I recently acquired a map printed in Paris in 1764 that serves as a reminder of a once thriving Jewish community.
Suriname – a country on the northeastern Atlantic coast of South America – boasts few Jews today, but centuries ago it was home to a sizable and wealthy Jewish community. In 1639, the British, who controlled Suriname, allowed Jews to settle in the area, and several Jewish families from Portugal, Italy, and the Netherlands took advantage of the opportunity.
Some of the Jews expelled from Recife, Brazil in 1654 by the Portuguese also settled in Suriname, and, not long after, Suriname was one of the most important Jewish population centers in the Western Hemisphere. Jews prospered as plantation owners.
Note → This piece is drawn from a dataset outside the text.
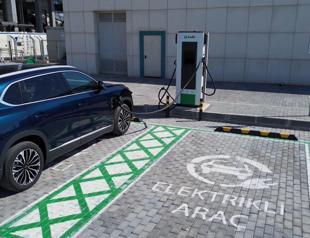 Over 50 percent of motorists have positive view of EVs: Report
The map I acquired – titled “Plan De La Ville De Paramaribo, Suivant Les Plans Hollandois” – was drawn by French cartographer Jacques Nicolas Bellin (1703-72) and shows Surinam’s capital city of Paramaribo, including the locations of the synagogues of the Spanish-Portuguese Jews (Tzedek VeShalom, est. 1736) and Ashkenazi Jews (Neveh Shalom, est. 1719).
In 1712, a French Navy captain, Jacques Cassard, raided Surinam and imposed heavy taxes on its residents. These taxes, plus a general economic decline, brought about the emigration of many of Suriname’s Jews. Today, only Neve Shalom’s structure still serves as a synagogue for the area’s few remaining Jews.